From: Heikki Linnakangas <heikki(dot)linnakangas(at)enterprisedb(dot)com>
To: Joachim Wieland <joe(at)mcknight(dot)de>
Cc: Jaime Casanova <jaime(at)2ndquadrant(dot)com>, pgsql-hackers <pgsql-hackers(at)postgresql(dot)org>
Subject: Re: pg_dump directory archive format / parallel pg_dump
Date: 2011-01-20 15:22:01
Message-ID: 4D385319.1060005@enterprisedb.com
Views: Raw Message | Whole Thread | Download mbox | Resend email
Thread:
Lists: pgsql-hackers

On 20.01.2011 15:46, Joachim Wieland wrote:
> On Thu, Jan 20, 2011 at 6:07 AM, Heikki Linnakangas
> <heikki(dot)linnakangas(at)enterprisedb(dot)com> wrote:
>>> The header is there to identify a file, it contains the header that
>>> every other pgdump file contains, including the internal version
>>> number and the unique backup id.
>>>
>>> The tar format doesn't support compression so going from one to the
>>> other would only work for an uncompressed archive and special care
>>> must be taken to get the order of the tar file right.
>>
>> Hmm, tar format doesn't support compression, but looks like the file format
>> issue has been thought of already: there's still code there to add .gz
>> suffix for compressed files. How about adopting that convention in the
>> directory format too? That would make an uncompressed directory format
>> compatible with the tar format.
>
> So what you could do is dump in the tar format, untar and restore in
> the directory format. I see that this sounds nice but still I am not
> sure why someone would dump to the tar format in the first place.

I'm not sure either. Maybe you want to pipe the output of "pg_dump -F t"
via an ssh tunnel to another host, where you untar it, producing a
directory format dump. You can then edit the directory format dump, and
restore it back to the database without having to tar it again.

It gives you a lot of flexibility if the formats are compatible, which
is generally good.

> But you still cannot go back from the directory archive to the tar
> archive because the standard command line tar will not respect the
> order of the objects that pg_restore expects in a tar format, right?

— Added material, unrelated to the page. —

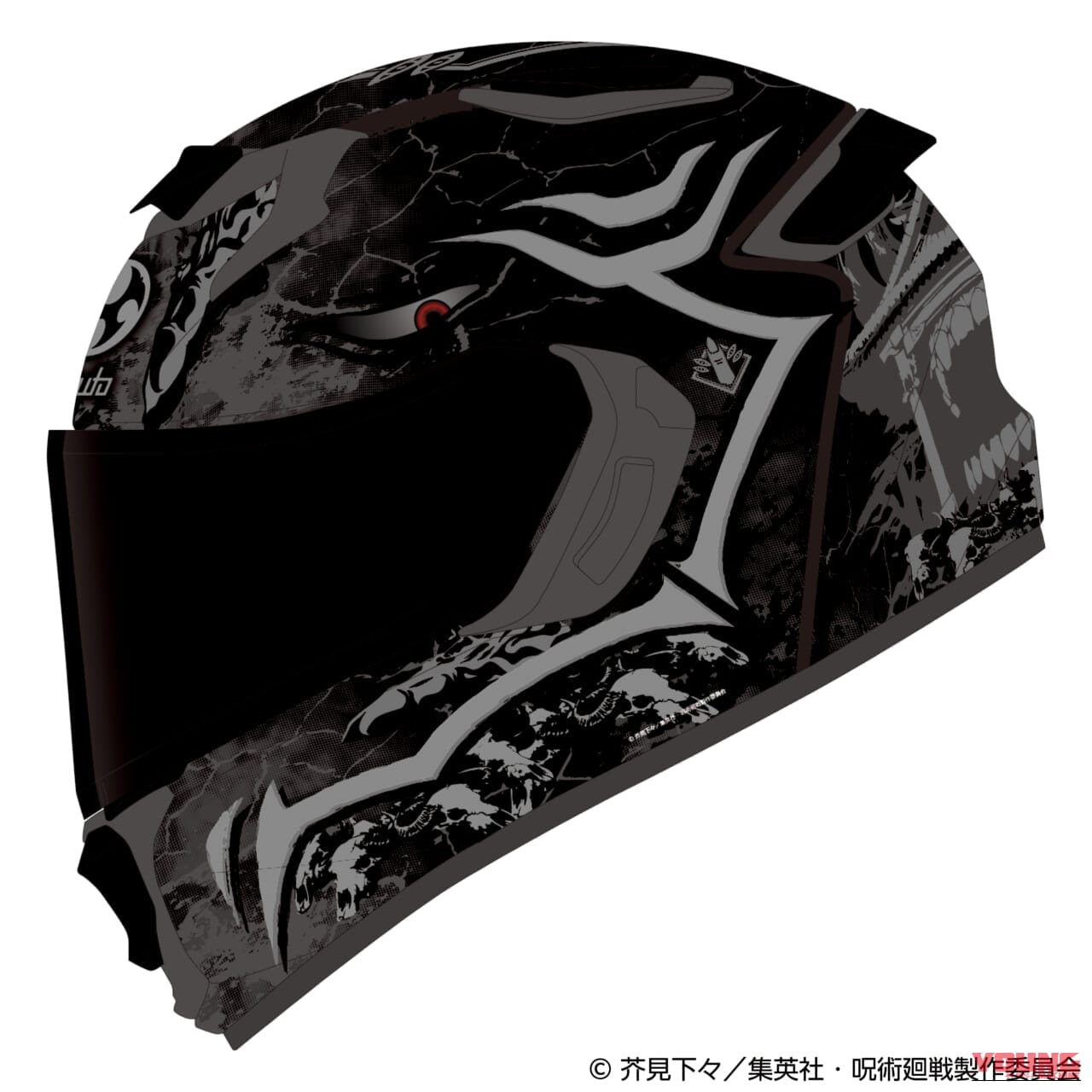 OGK KABUTO KAMUI-5 呪術廻戦｜呪術廻戦ファン必見。虎杖悠仁と宿儺の力強さをまとったカブト「KAMUI-5」数量限定モデル登場。多彩な装備で夏場のツーリングを快適に！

Hmm, I didn't realize pg_restore requires the files to be in certain
order in the tar file. There's no mention of that in the docs either, we
should add that. It doesn't actually require that if you read from a
file, but from stdin it does.

You can put files in the archive in a certain order if you list them
explicitly in the tar command line, like "tar cf backup.tar toc.dat
...". It's hard to know the right order, though. In practice you would
need to do "tar tf backup.tar >files" before untarring, and use "files"
to tar them again in the rightorder.

>> That seems pretty attractive anyway, because you can then dump to a
>> directory, and manually gzip the data files later.
>
> The command line gzip will probably add its own header to the file
> that pg_restore would need to strip off...

Yeah, we should write the header too. That's not hard, e.g gzopen will
do that automatically, or you can pass a flag to deflateInit2.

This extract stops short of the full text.